Recent advances related to the structure of minimal surfaces and new ways of representing them promise many more developments in the realm of soap-film mathematics. Weber, for one, is interested in what happens when handles on a helicoid are squeezed together instead of being twisted away.

“Sheer curiosity forces us mathematicians to figure out what’s going on in this limit as well,” Weber says.

Weber and Martin Traizet of the Université François Rabelais in Tours, France, have recently produced intriguing images of compressed helicoids. “The resulting limit is quite surprising and can be described as a ‘parking-garage structure,’ a term we coined for this phenomenon,” Weber says.

A typical real-life parking garage can be thought of as a giant helicoid, with two spiral ramps, one for driving up and the other for coming down. These ramps can involve a sequence of either right turns or left turns. The new minimal structure found by Weber and his team is like a three-ramp parking garage, with two spirals turning left and one spiral turning right. To further complicate the picture, the parking levels are close to each other.
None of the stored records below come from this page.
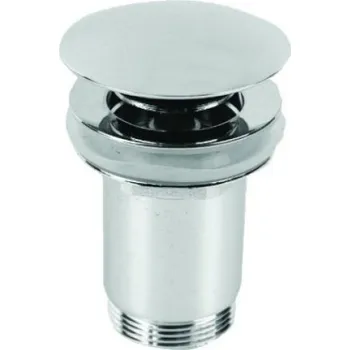 Sifon Výpusť click-clack umyvadlová 6,6 cm s přepadem velká chrom OLBAEUVCR02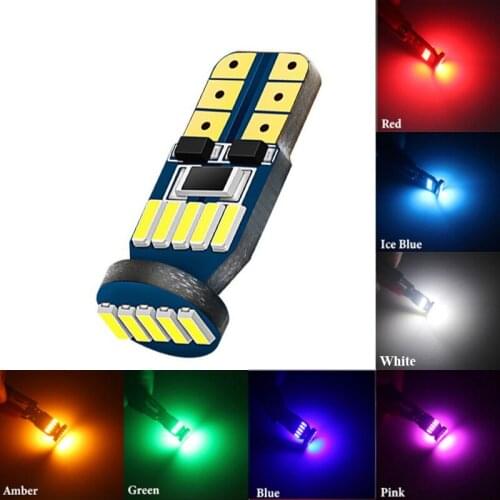 100pcs T10 LED W5W 194 Canbus Car Clearance Light Auto Reading Lights Bulb Car Interior Lamp 4014 15SMD DC12V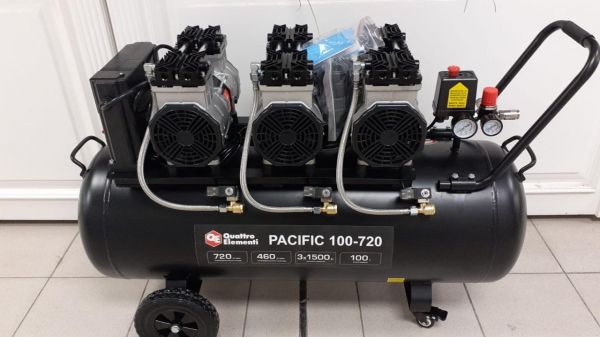 Компрессор безмасляный QUATTRO ELEMENTI PACIFIC 100-720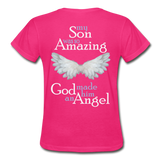 Son Amazing Angel Gildan Ultra Cotton Ladies T-Shirt - fuchsia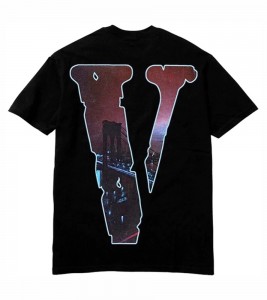 Футболка Pop Smoke x Vlone Wraith Tee Black - Фото №2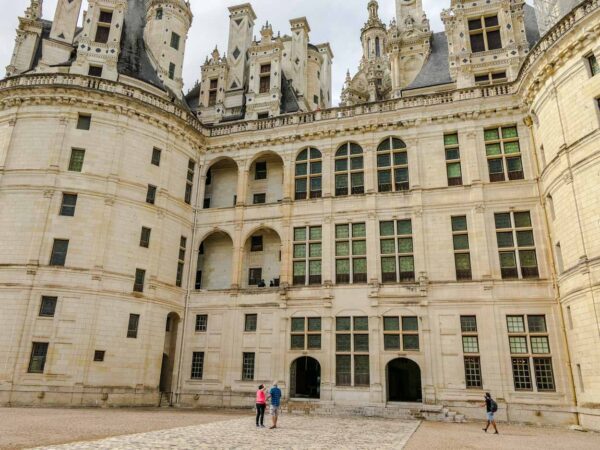 Chateau de Chambord en el Valle del Loira en Francia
Inspired by computer-generated images, Weber and Traizet have proved that it’s possible to construct families of minimal surfaces using such parking-garage structures—in effect, by gluing together helicoids laterally. These surfaces, in turn, may be related to helicoids with some finite number of handles.

The various directions of current research on minimal surfaces suggest a rich future full of amazing forms. Mathematicians will need new insights to organize and classify the members of this burgeoning zoo.

Wolf says, “The times are exciting because we are partly there, but still at the stage where we don’t know if we are nearly there or only a few steps down the path.”